→ **Materials provided**
↓
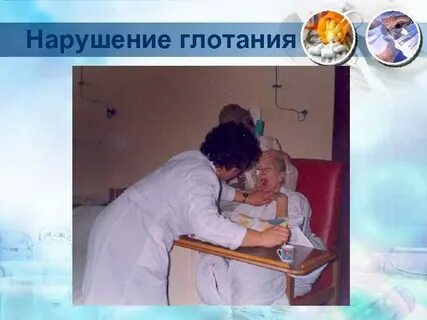 Рефлексы после инсульта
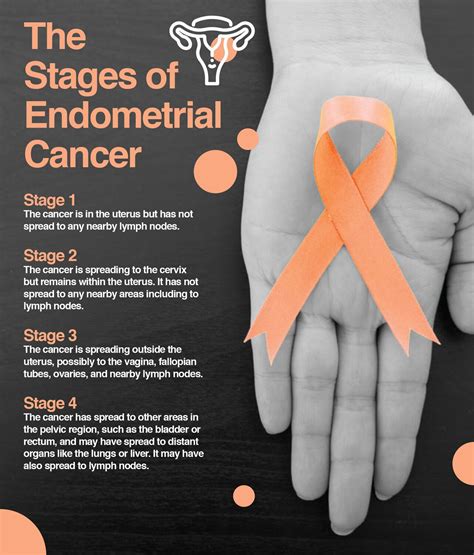 endometrial cancer stages 1-4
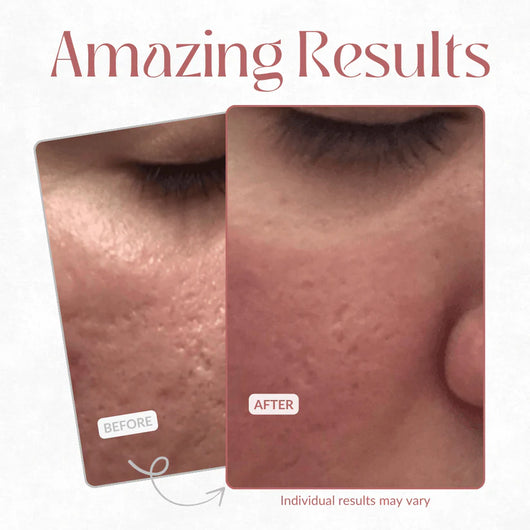 Facetique Pore Relief Multi Balm
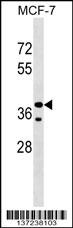 CCBE1 Antibody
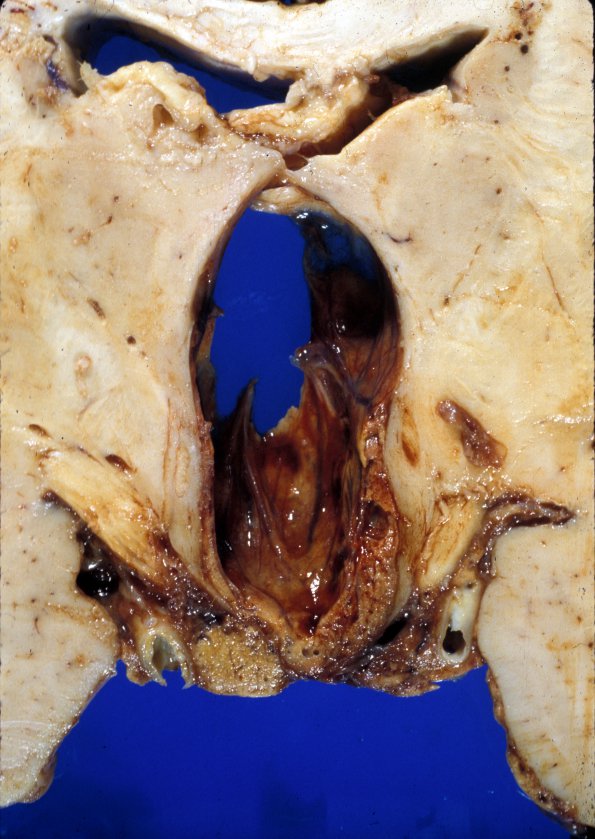 10A4 Hemangioblastoma (Case 10) 6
↑
→ **What to produce**
With the pictures removed, please retype each record exactly.

→ **Output**
 Рефлексы после инсульта
 endometrial cancer stages 1-4
 Facetique Pore Relief Multi Balm
 CCBE1 Antibody
 10A4 Hemangioblastoma (Case 10) 6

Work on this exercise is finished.